Jason grasped Dave’s shoulder with his right hand. “Hey, I didn’t—”
“You don’t need to say it. It took a while, but I realized that it wasn’t meant to be.” A small tear formed in one of his eyes, and a gust of wind sent it streaking along his cheekbone into nothingness. “Jeez, I look at you two and all I can see is joy. Someone out there will do it for me, but Bec and I didn’t have that chemistry.”
They hugged, as they had always done since primary school when something important had been resolved or achieved.
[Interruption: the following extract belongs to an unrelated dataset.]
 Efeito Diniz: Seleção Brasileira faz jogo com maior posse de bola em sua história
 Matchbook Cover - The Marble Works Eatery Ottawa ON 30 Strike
“Whoa, am I meant to see this?” Becky asked over the whining wind.
“Just a tender moment,” Jason said. “You can join us, if you want.”
“Pass. Maybe we should get these portas set up. Haven’t used one for years.”
Dave moved toward his pack when out of a crevice a fat, black chitinous creature scuttled near his foot.
“Shit!” he yelped, and without thinking, crushed the creature under his climbing boot. It was an insect, larger than a human hand, with six legs and a bulbous, pitch-black exoskeleton. Yellowy-grey liquid oozed from the mangled body, which even with the wind smelled acrid, like vomit.
“Christ!” Becky cried. “Do you know what you just did?”
“Ah. Not exactly.”
“One of the reasons why this lump of vertical rock is a protected environment is because there might be twenty or so of these stick insects living here. And that’s it. They used to crawl all over Lord Howe Island, but they were wiped out by rats introduced by a shipwreck. These are the most endangered insects in the world. You probably wiped out five percent of the existing population in the wild, dickhead!”
“Shit, I forgot. I just hate insects and spiders. What are we going to do?”
Jason crouched near the insect’s corpse and squeamishly nudged it. “It’s sure big. If a scientist or another climber finds the remains, they might ask questions. It was an accident, but I don’t want trouble. I say hide it in the crevices—if we try to fling it out to sea, the wind might blow it back onto the rocks.”
Dave was visibly relieved. “Thanks. It was an accident.”
“Dumbfuck,” Becky said, and slapped him playfully on the back. “But it was a mistake.”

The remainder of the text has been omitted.